Jezus gaat niet in op de vrees. Hij wenst vrede aan zijn leerlingen, toont zijn handen en zijn zij en herhaalt de vredeswens tweemaal. Dit is niet alleen een groet en een wens, maar een opdracht om onder elkaar voor vrede te zorgen. Jezus zendt zijn leerlingen de wereld in. Hij blaast over hen en geeft hen hiermee de heilige Geest en hij spoort hen aan om te vergeven. Is vergeven de weg vanuit de angst naar de vrede? Het blazen roept het tweede scheppingsverhaal op: “Toen maakte de HEER God de mens. Hij vormde hem uit stof, uit aarde, en blies hem levensadem in de neus. Zo werd de mens een levend wezen.” De verrezen Jezus zal de angstige leerlingen tot nieuwe mensen maken, maar zij moeten de stap van de vergeving zetten. Er was toch wel één en ander te vergeven: Judas had Jezus uitgeleverd, Petrus had hem verloochend en waar waren de anderen gebleven? Toen de leerlingen Jezus zagen, waren ze blij, maar reageerden niet op de wonden. Misschien hebben ze zich diep schuldig gevoeld en bij de aansporing om te vergeven beseft dat om tot vergeving te komen kwetsuren moeten getoond en erkend worden. Vergeven gebeurt in een gesprek waarbij dader en slachtoffer naar elkaar luisteren. Als we kwetsuren zien of tonen, komen we open voor de waarheid van de ander en maken we onze waarheid zichtbaar.

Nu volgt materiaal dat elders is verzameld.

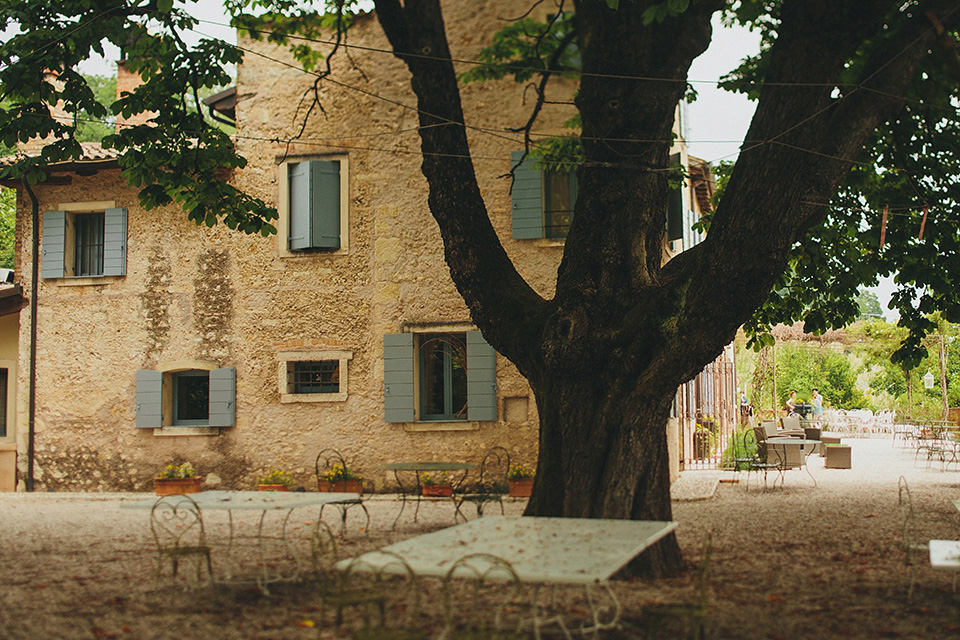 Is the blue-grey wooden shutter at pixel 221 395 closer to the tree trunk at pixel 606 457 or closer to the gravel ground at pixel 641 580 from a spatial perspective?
the gravel ground at pixel 641 580

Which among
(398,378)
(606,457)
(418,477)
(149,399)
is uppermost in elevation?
(398,378)

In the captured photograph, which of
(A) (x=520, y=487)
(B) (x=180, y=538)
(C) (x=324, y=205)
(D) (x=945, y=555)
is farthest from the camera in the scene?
(C) (x=324, y=205)

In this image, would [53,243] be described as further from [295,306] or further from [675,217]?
[675,217]

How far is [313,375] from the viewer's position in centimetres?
1319

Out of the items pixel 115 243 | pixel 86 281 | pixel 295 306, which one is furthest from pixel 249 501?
Result: pixel 86 281

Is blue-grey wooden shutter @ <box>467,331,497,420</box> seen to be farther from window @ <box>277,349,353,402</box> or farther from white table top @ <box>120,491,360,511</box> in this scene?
white table top @ <box>120,491,360,511</box>

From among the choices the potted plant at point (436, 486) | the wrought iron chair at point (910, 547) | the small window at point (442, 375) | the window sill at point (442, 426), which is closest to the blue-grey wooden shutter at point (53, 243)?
the small window at point (442, 375)

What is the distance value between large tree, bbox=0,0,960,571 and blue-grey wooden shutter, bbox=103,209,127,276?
17.7ft

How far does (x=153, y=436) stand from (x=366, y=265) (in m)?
3.95

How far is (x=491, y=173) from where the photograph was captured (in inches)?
501

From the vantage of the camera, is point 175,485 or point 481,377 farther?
point 175,485

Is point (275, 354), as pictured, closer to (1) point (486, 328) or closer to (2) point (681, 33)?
(1) point (486, 328)

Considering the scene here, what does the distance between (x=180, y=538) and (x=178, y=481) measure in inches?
168

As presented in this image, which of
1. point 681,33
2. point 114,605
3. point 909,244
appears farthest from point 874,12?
point 114,605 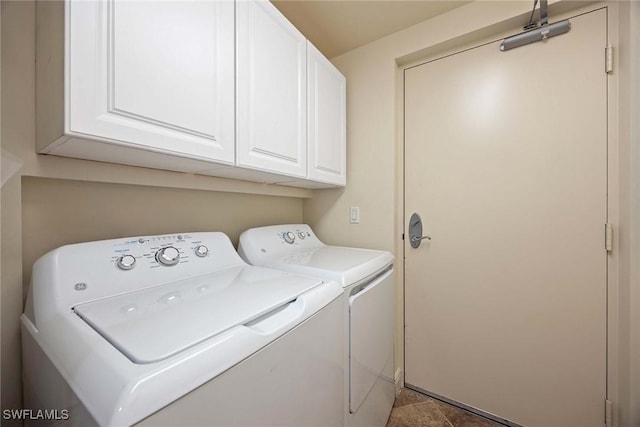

Ook voor Tomas zijn de littekens van Jezus erg belangrijk: “Als ik in zijn handen het litteken van de spijkers niet zie, zal ik echt niet geloven.” Tomas wil alleen maar vertrouwen op de verrezen Jezus als die solidair blijft met al wie lijdt en gemarteld wordt. Tomas heeft deze vraag niet rechtstreeks aan Jezus gesteld. Op die volgende zondag anticipeert Jezus op een mogelijke vraag van Tomas door hem uit te nodigen de littekens te betasten en zegt: “Wees niet langer ongelovig, maar gelovig.” Door de gebiedende wijs “wees” lijkt het hier om een scherpe breuk te gaan, je bent ongelovig óf gelovig. De Nederlandse vertaling is hier wat misleidend. In het Grieks staat er niet de imperatief van het werkwoord ‘zijn’, maar ‘ginou’ van het werkwoord ‘ginomai’. Dit werkwoord betekent: in wording zijn, worden, ontstaan. De woorden van Jezus zijn dus dynamischer: Jezus wil dat Tomas zijn ongeloof en wantrouwen terugdringt en zijn geloof en vertrouwen laat groeien. In de Traduction oecuménique de la Bible staat: “cesse d’être incrédule et deviens un homme de foi.” Deze vertaling plaatst tegenover de afname van het wantrouwen de toename van het vertrouwen. Het is geen zwart-wit gebeuren ‘gelovig óf ongelovig’, maar een telkens terugkerende opdracht om van wantrouwen naar vertrouwen te groeien. Via Tomas spoort Jezus ons aan: “Laat het wantrouwen achter je en durf vertrouwen.” Hierdoor zullen we de angst overwinnen en door vergeving een stapje naar vrede zetten.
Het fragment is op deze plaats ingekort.